=== Section Start ===

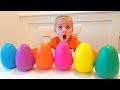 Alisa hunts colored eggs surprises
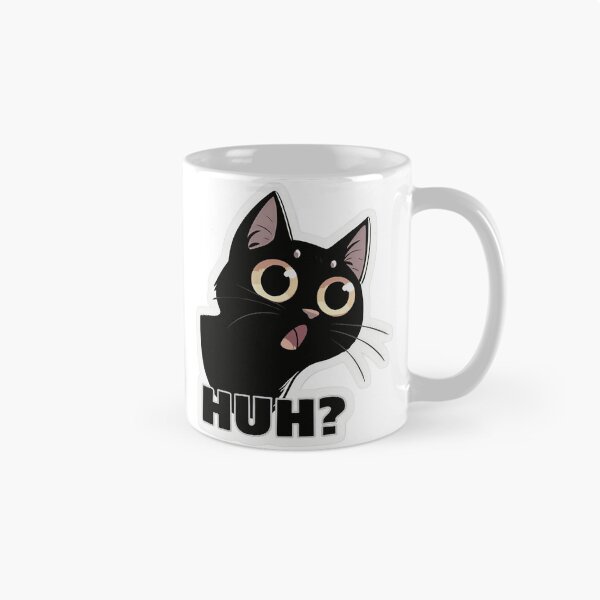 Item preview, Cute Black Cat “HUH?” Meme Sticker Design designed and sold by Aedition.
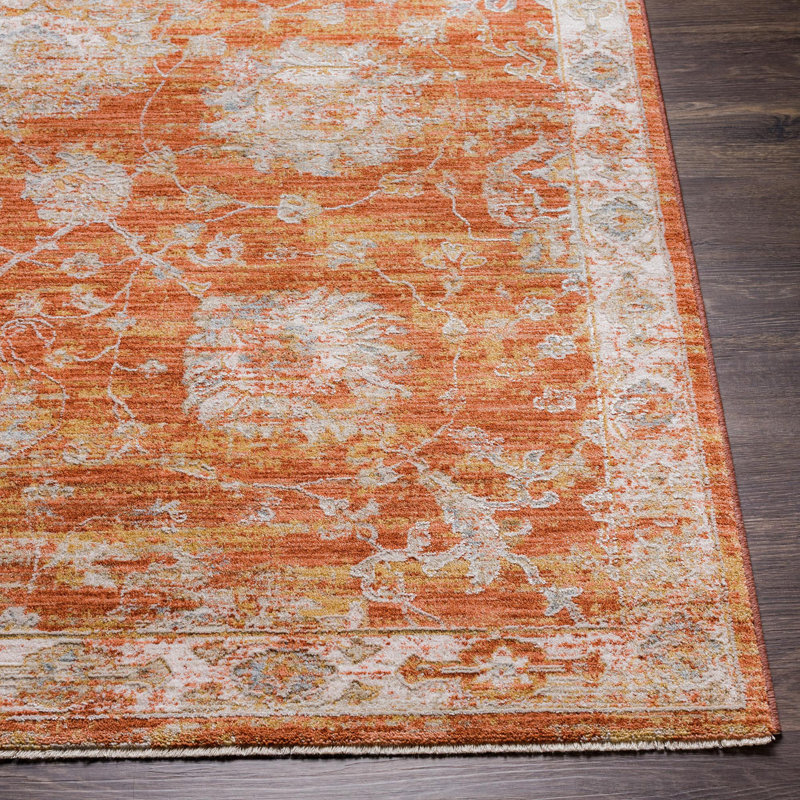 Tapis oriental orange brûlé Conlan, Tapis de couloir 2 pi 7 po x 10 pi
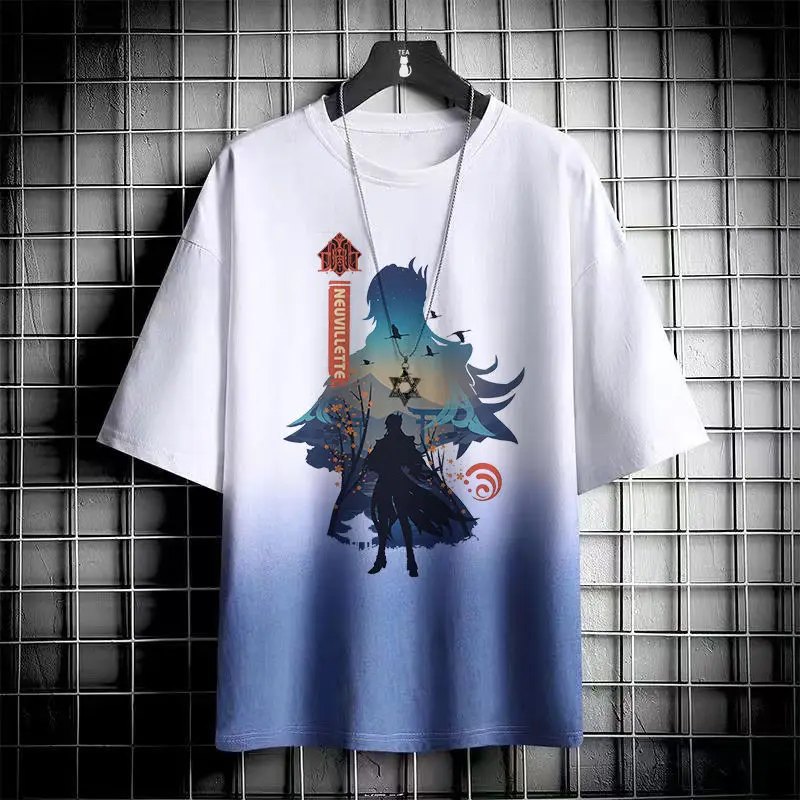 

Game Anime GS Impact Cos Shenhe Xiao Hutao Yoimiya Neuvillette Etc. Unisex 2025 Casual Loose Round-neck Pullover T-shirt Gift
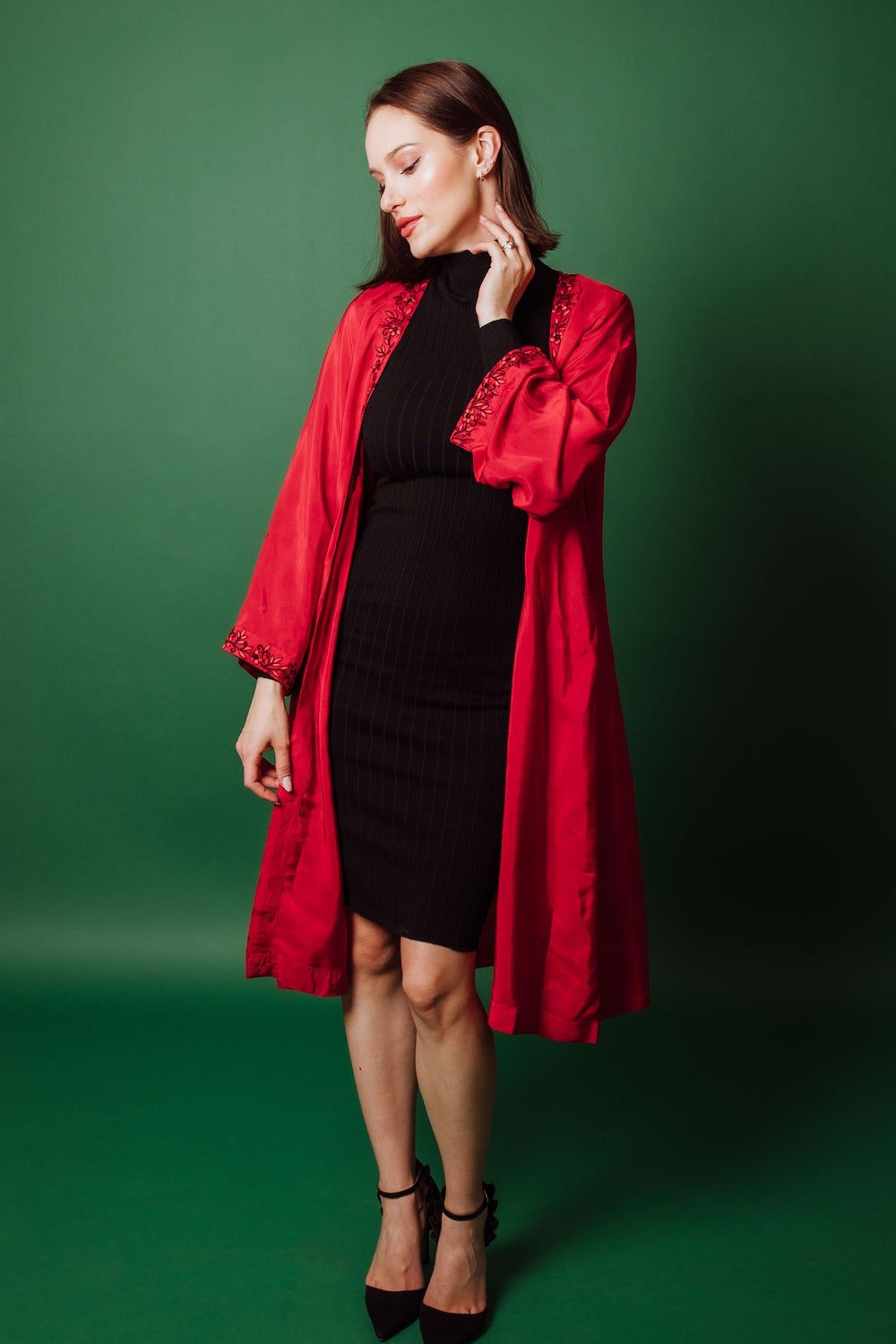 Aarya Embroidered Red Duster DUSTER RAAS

=== Section End ===

_What to do_. Every line above must be printed again exactly, pictures excluded.

_Expected answer_.
 Alisa hunts colored eggs surprises
 Item preview, Cute Black Cat “HUH?” Meme Sticker Design designed and sold by Aedition.
 Tapis oriental orange brûlé Conlan, Tapis de couloir 2 pi 7 po x 10 pi

Game Anime GS Impact Cos Shenhe Xiao Hutao Yoimiya Neuvillette Etc. Unisex 2025 Casual Loose Round-neck Pullover T-shirt Gift
 Aarya Embroidered Red Duster DUSTER RAAS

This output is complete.